▶ [Work required]:
All of the data should be given again word for word, though the images are to be left out.
(Beginning of Information supplied)
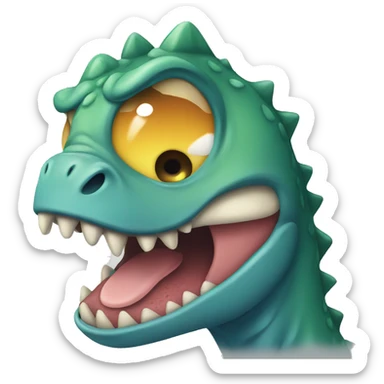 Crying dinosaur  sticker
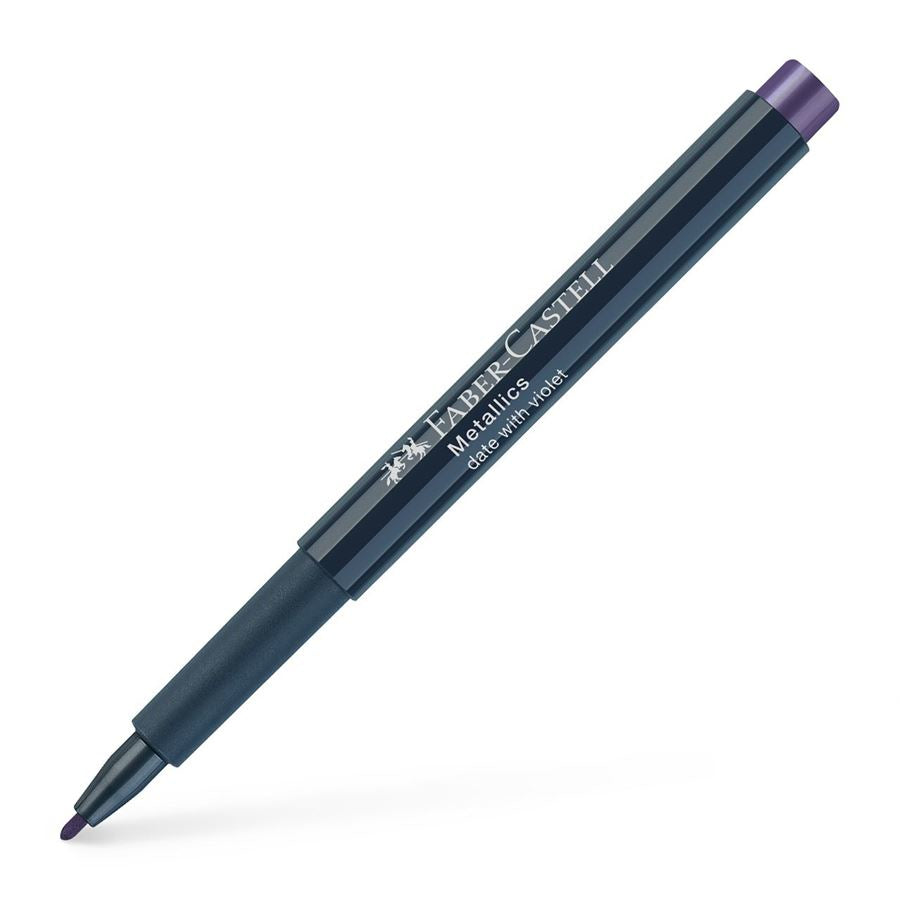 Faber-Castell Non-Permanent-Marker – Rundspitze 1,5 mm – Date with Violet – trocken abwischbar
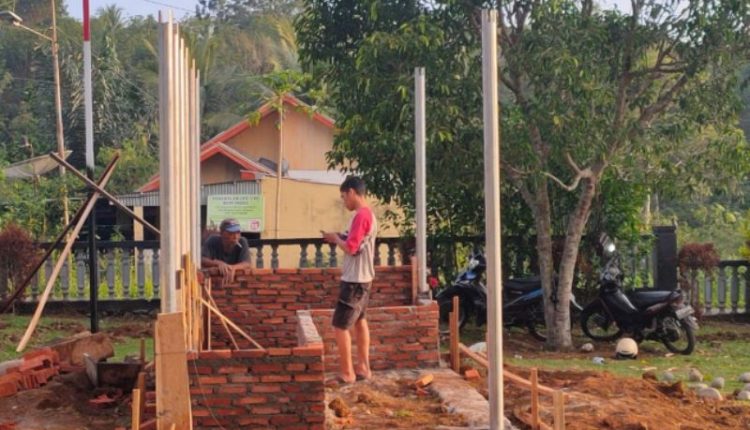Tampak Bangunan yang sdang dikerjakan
(End of Information supplied)
▶ [Exercise solution]:
 Crying dinosaur  sticker
 Faber-Castell Non-Permanent-Marker – Rundspitze 1,5 mm – Date with Violet – trocken abwischbar
Tampak Bangunan yang sdang dikerjakan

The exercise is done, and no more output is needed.